Note
Click here to download the full example code
DynamicTable Tutorial¶
This is a tutorial for interacting with DynamicTable objects. This tutorial
is written for beginners and does not describe the full capabilities and nuances
of DynamicTable functionality. Please see the DynamicTable How-To Guide
for more complete documentation. This tutorial is designed to give
you basic familiarity with how DynamicTable works and help you get started
with creating a DynamicTable, adding columns and rows to a DynamicTable,
and accessing data in a DynamicTable.
Introduction¶
The DynamicTable class represents a column-based table
to which you can add custom columns. It consists of a name, a description, a list of
row IDs, and a list of columns.
Constructing a table¶
To create a DynamicTable, call the constructor for
DynamicTable with a string name and string
description.
from hdmf.common import DynamicTable
users_table = DynamicTable(
name='users',
description='a table containing data/metadata about users, one user per row',
)
Adding columns¶
You can add columns to a DynamicTable using
DynamicTable.add_column.
users_table.add_column(
name='first_name',
description='the first name of the user',
)
users_table.add_column(
name='last_name',
description='the last name of the user',
)
Adding ragged array columns¶
You may want to add columns to your table that have a different number of entries per row.

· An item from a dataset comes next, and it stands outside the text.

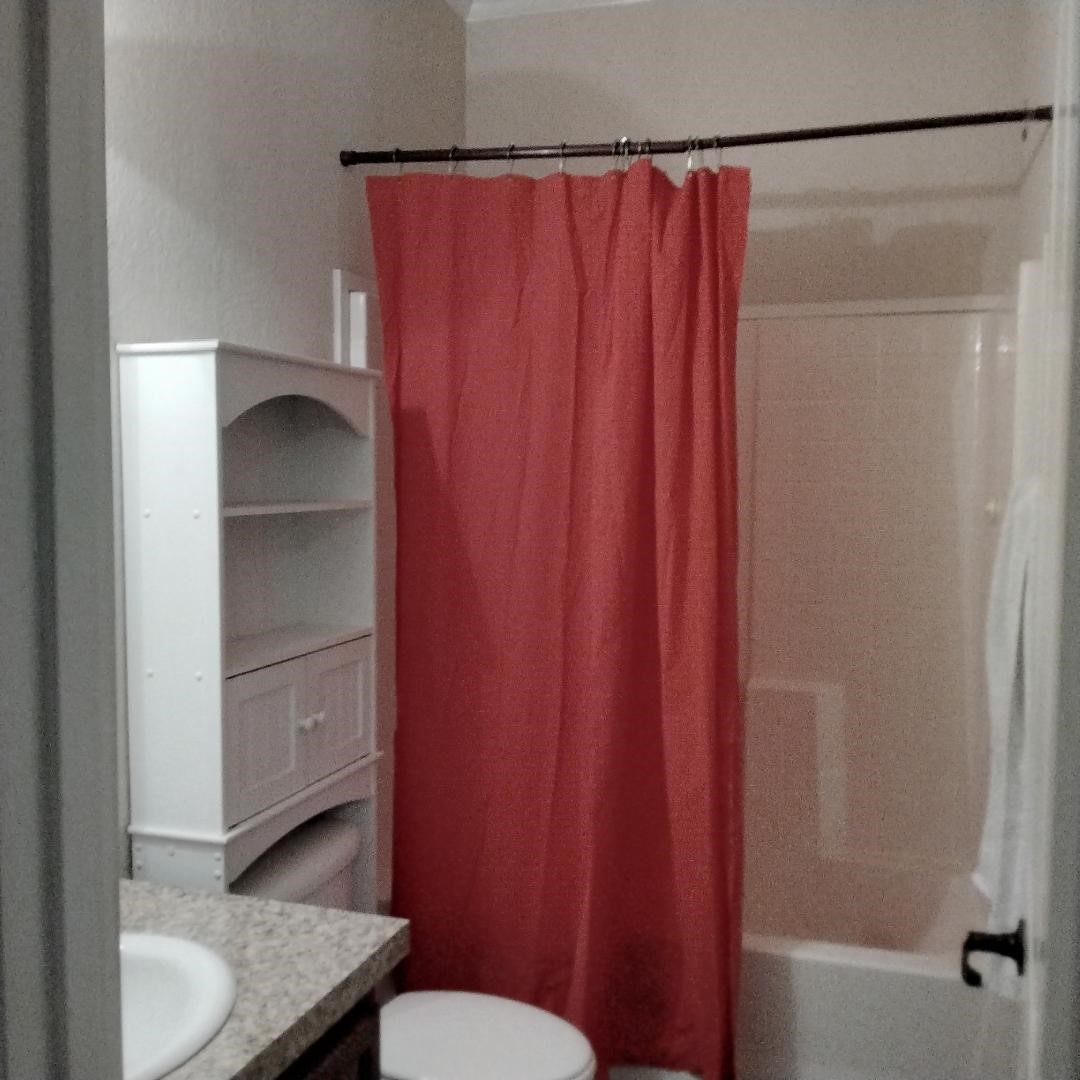 427 County Road 4822 Timpson, TX 75975 - Photo 12 of 23 a bathroom with a shower curtain and a toilet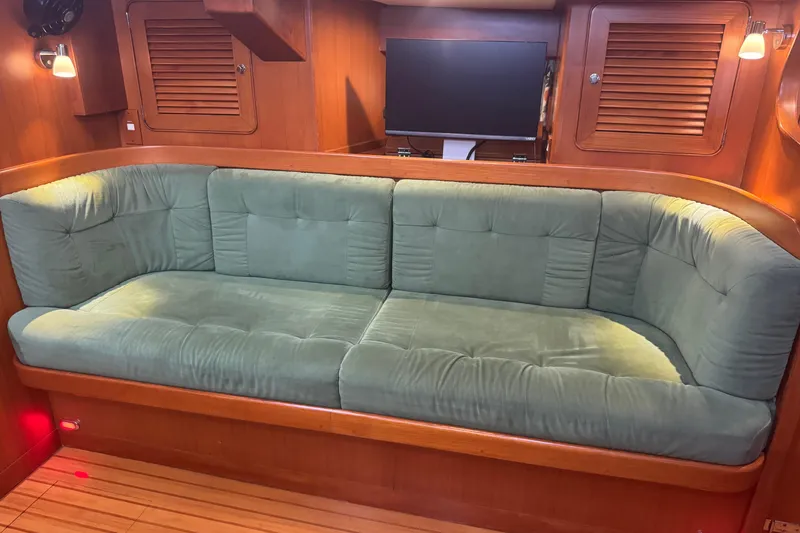 Slide: The Image of Luxurious green sofa in the cabin of a 2007 Hylas H49 yacht. - 21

This is called a “ragged array column”. To do this, pass index=True to
DynamicTable.add_column.
users_table.add_column(
name='phone_number',
description='the phone number of the user',
index=True,
)
Adding rows¶
You can add rows to a DynamicTable using
DynamicTable.add_row.
You must pass in a keyword argument for every column in the table.
Ragged array column arguments should be passed in as lists or numpy arrays.
The ID of the row will automatically be set and incremented for every row,
starting at 0.
# id will be set to 0 automatically
users_table.add_row(
first_name='Grace',
last_name='Hopper',
phone_number=['123-456-7890'],
)
# id will be set to 1 automatically
users_table.add_row(
first_name='Alan',
last_name='Turing',
phone_number=['555-666-7777', '888-111-2222'],
)
Displaying the table contents as a pandas DataFrame¶
pandas is a popular data analysis tool for working with tabular data.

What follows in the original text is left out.